**TASK TO COMPLETE:** Reproduce the listing below character for character; drop every image.
▶
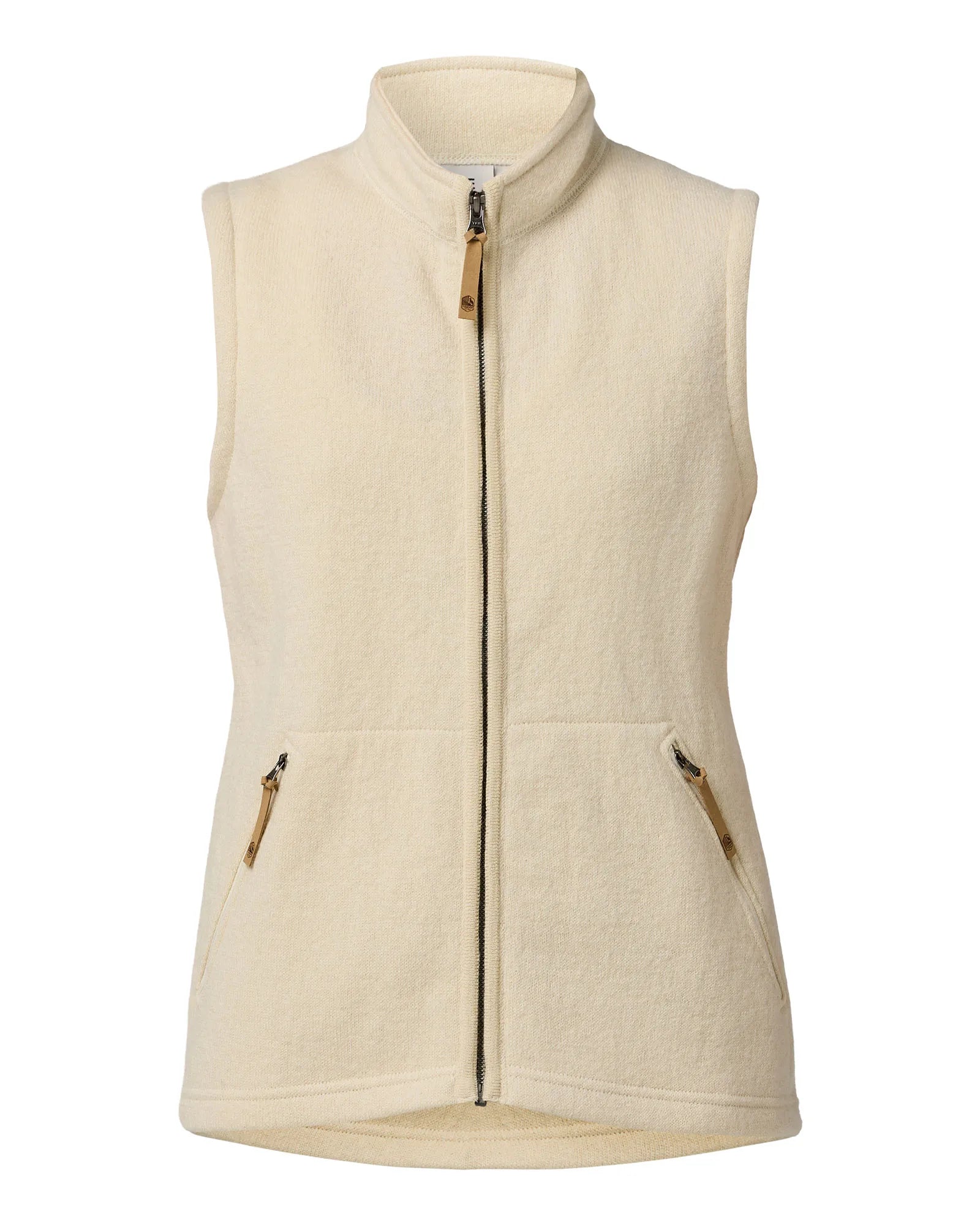 NLS COCO VEST, 100% OFÄRGAD ULL — NATURAL WHITE - Ivanhoe of Sweden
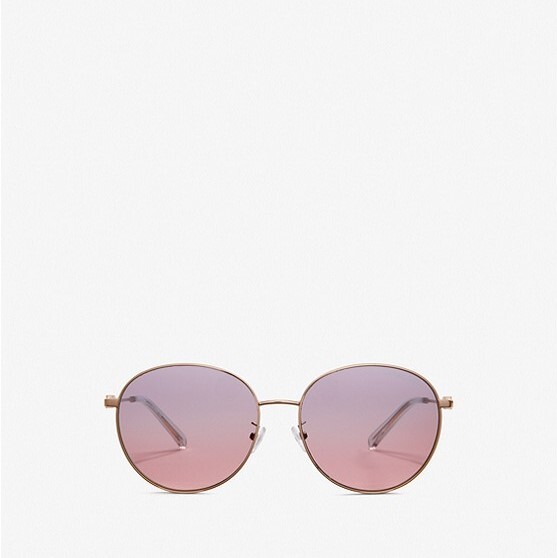 

Солнцезащитные очки Michael Kors Alpine, розовый/золотистый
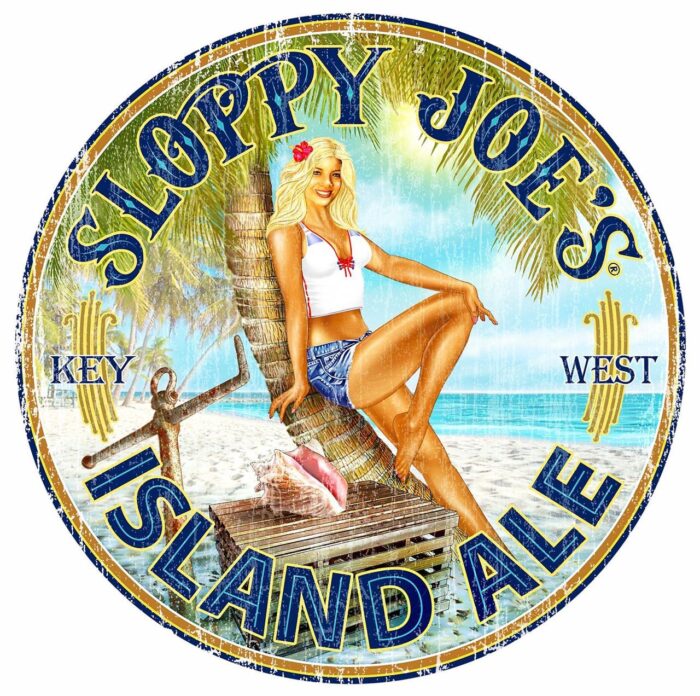 Metal Sign - SJ Island Ale 14" Round - Item #4630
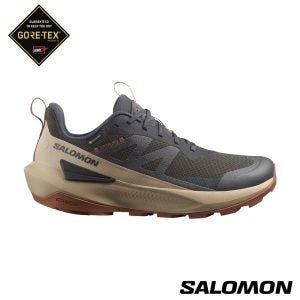 Salomon 男 ELIXIR ACTIV Goretex  低筒登山鞋 幻灰/灰褐/褐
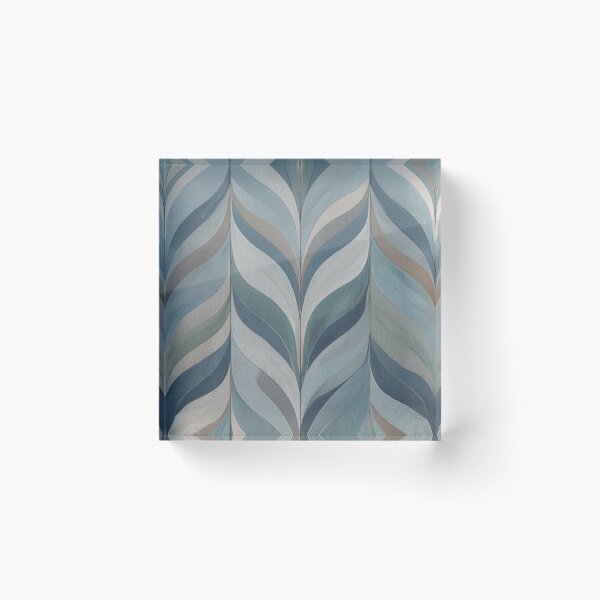 Item preview, Leaf-like pattern in muted colors designed and sold by saly55887.
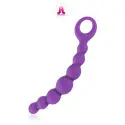 Bubble Analperlen mit 7 progressiven Perlen aus violettem Silikon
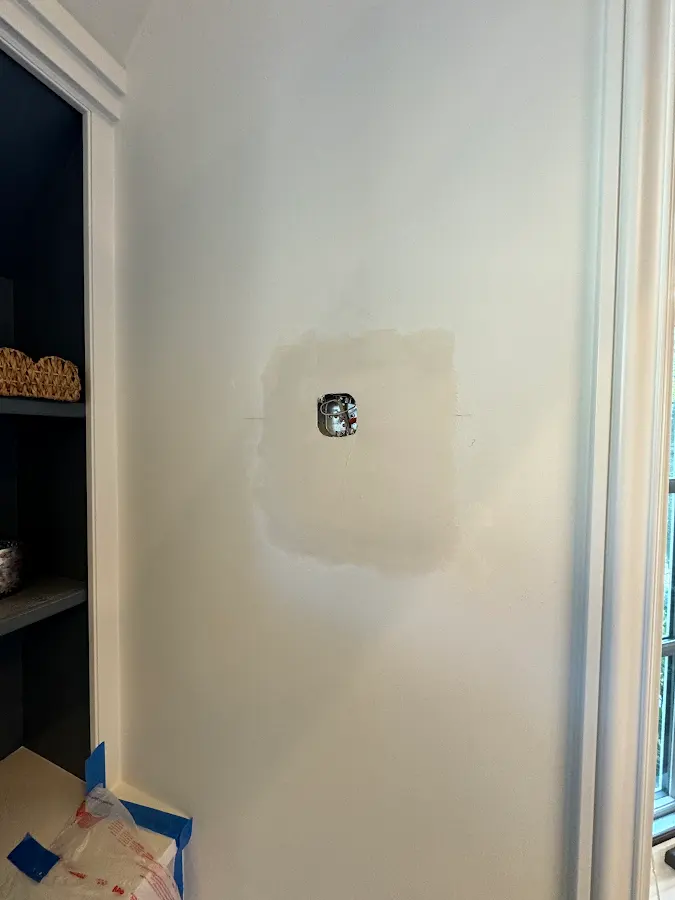 Interior drywall patch and surface preparation by Family Builder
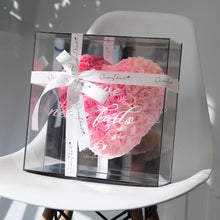 Load image into Gallery viewer, Heart Shaped Rose in Mirror Backing Box - Gradient Pink
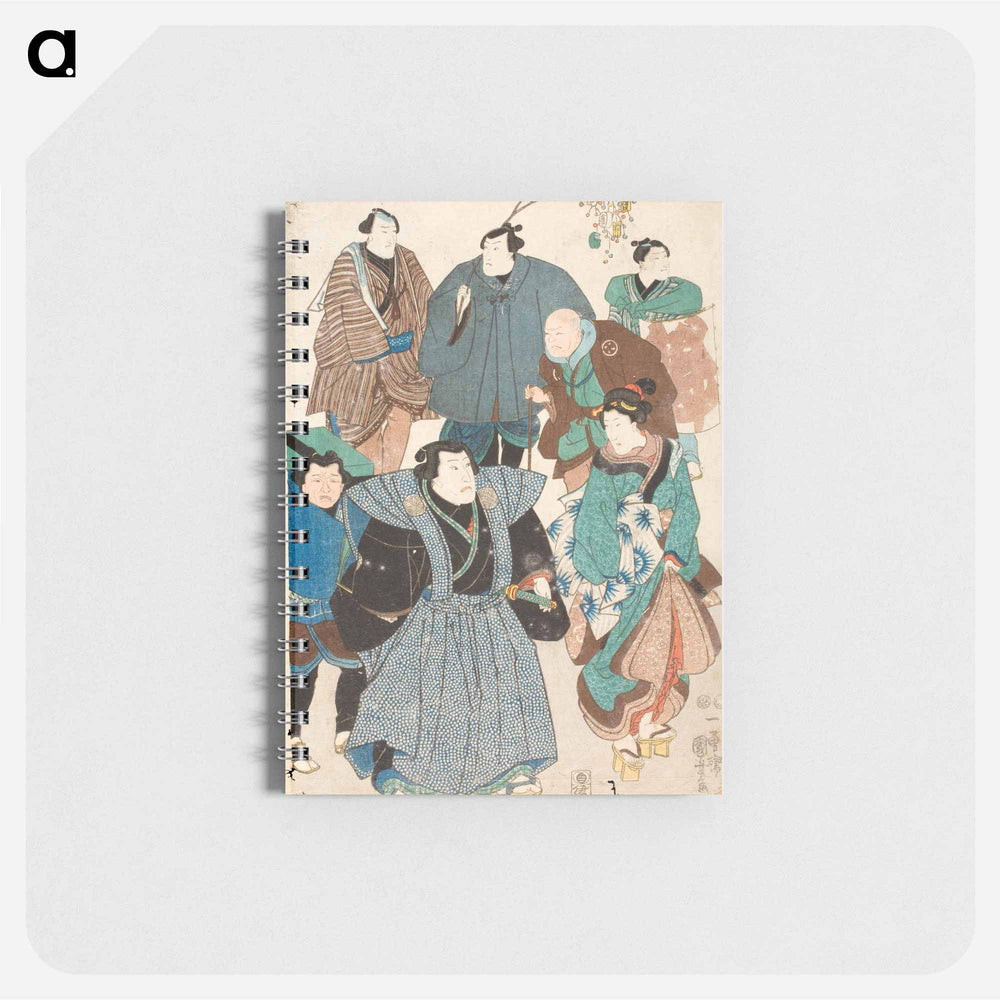 Celebrating Spring - 歌川 国芳 Memo.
◀
**TASK RESPONSE:**
 NLS COCO VEST, 100% OFÄRGAD ULL — NATURAL WHITE - Ivanhoe of Sweden

Солнцезащитные очки Michael Kors Alpine, розовый/золотистый
 Metal Sign - SJ Island Ale 14" Round - Item #4630
 Salomon 男 ELIXIR ACTIV Goretex  低筒登山鞋 幻灰/灰褐/褐
 Item preview, Leaf-like pattern in muted colors designed and sold by saly55887.
 Bubble Analperlen mit 7 progressiven Perlen aus violettem Silikon
 Interior drywall patch and surface preparation by Family Builder
 Load image into Gallery viewer, Heart Shaped Rose in Mirror Backing Box - Gradient Pink
 Celebrating Spring - 歌川 国芳 Memo.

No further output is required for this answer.